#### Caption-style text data
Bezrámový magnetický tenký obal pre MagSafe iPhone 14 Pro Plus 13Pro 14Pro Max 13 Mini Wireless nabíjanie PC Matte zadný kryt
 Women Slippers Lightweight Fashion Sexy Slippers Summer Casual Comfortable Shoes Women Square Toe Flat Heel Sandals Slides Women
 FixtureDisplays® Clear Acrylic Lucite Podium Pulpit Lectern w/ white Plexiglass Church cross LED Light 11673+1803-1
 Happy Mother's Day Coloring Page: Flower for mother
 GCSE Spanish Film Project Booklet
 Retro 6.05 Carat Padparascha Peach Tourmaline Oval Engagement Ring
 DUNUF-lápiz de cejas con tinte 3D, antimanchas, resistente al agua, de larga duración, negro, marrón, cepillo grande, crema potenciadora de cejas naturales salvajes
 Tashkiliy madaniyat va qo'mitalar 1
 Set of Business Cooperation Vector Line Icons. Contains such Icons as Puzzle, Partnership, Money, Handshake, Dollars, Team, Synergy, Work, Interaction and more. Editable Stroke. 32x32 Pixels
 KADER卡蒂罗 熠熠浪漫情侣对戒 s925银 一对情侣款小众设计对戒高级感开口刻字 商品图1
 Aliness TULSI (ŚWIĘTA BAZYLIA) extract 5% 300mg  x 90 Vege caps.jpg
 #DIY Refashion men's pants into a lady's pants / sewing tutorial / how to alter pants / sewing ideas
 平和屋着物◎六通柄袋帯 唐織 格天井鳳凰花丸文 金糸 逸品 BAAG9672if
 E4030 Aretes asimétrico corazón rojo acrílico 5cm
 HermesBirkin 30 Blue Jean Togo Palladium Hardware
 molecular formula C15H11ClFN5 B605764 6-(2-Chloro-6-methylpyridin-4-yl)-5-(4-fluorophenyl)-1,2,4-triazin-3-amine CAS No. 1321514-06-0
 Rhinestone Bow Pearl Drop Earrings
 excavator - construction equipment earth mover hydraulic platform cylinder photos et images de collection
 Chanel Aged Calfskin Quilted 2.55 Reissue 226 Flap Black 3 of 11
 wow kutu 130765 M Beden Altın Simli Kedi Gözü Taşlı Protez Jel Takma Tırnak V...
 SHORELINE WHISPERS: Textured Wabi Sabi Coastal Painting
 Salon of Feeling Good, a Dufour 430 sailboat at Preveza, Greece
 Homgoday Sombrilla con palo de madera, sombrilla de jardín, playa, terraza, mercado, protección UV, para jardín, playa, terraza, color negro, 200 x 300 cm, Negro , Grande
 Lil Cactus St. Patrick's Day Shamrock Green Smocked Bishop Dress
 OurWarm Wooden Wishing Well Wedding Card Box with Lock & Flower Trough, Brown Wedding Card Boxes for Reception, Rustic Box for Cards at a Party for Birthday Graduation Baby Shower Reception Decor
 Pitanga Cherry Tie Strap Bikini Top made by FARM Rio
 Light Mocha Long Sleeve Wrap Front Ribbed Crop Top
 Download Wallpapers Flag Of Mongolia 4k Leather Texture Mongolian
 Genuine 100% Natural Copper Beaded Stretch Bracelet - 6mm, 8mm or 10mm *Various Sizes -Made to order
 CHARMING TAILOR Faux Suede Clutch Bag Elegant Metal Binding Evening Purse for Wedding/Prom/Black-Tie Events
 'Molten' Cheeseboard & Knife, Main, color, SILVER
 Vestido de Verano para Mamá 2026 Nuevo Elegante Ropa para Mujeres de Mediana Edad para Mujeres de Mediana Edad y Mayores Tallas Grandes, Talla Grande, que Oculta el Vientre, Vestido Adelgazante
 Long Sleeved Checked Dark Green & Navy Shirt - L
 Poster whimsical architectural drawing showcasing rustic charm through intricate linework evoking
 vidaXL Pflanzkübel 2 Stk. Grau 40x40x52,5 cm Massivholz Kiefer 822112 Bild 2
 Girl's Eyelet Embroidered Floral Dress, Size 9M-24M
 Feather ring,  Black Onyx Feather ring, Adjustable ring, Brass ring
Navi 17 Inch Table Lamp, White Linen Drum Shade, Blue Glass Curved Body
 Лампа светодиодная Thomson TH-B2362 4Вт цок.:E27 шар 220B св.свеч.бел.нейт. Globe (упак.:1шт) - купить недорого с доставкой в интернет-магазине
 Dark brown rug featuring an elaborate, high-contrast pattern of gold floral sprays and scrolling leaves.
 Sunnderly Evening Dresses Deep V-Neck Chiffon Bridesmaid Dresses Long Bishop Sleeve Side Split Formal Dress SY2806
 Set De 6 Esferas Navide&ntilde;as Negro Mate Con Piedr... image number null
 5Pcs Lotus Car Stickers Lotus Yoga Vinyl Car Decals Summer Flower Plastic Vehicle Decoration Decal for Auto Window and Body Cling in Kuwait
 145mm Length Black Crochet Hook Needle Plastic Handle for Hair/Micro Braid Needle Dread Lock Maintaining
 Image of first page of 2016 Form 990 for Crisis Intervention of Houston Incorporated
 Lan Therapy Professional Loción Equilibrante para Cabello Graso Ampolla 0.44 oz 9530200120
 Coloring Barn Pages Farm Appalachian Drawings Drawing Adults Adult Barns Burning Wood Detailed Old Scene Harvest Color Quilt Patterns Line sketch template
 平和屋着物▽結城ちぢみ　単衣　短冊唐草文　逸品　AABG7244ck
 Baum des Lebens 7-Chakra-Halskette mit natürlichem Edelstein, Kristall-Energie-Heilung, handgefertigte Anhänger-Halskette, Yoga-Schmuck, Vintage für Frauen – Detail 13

#### Brief
Would you copy, unchanged, the stretch of the records above that begins at the line containing "Navi 17 Inch" and ends at the line containing "Image of first", and only that?

#### Answer to the exercise
Navi 17 Inch Table Lamp, White Linen Drum Shade, Blue Glass Curved Body
 Лампа светодиодная Thomson TH-B2362 4Вт цок.:E27 шар 220B св.свеч.бел.нейт. Globe (упак.:1шт) - купить недорого с доставкой в интернет-магазине
 Dark brown rug featuring an elaborate, high-contrast pattern of gold floral sprays and scrolling leaves.
 Sunnderly Evening Dresses Deep V-Neck Chiffon Bridesmaid Dresses Long Bishop Sleeve Side Split Formal Dress SY2806
 Set De 6 Esferas Navide&ntilde;as Negro Mate Con Piedr... image number null
 5Pcs Lotus Car Stickers Lotus Yoga Vinyl Car Decals Summer Flower Plastic Vehicle Decoration Decal for Auto Window and Body Cling in Kuwait
 145mm Length Black Crochet Hook Needle Plastic Handle for Hair/Micro Braid Needle Dread Lock Maintaining
 Image of first page of 2016 Form 990 for Crisis Intervention of Houston Incorporated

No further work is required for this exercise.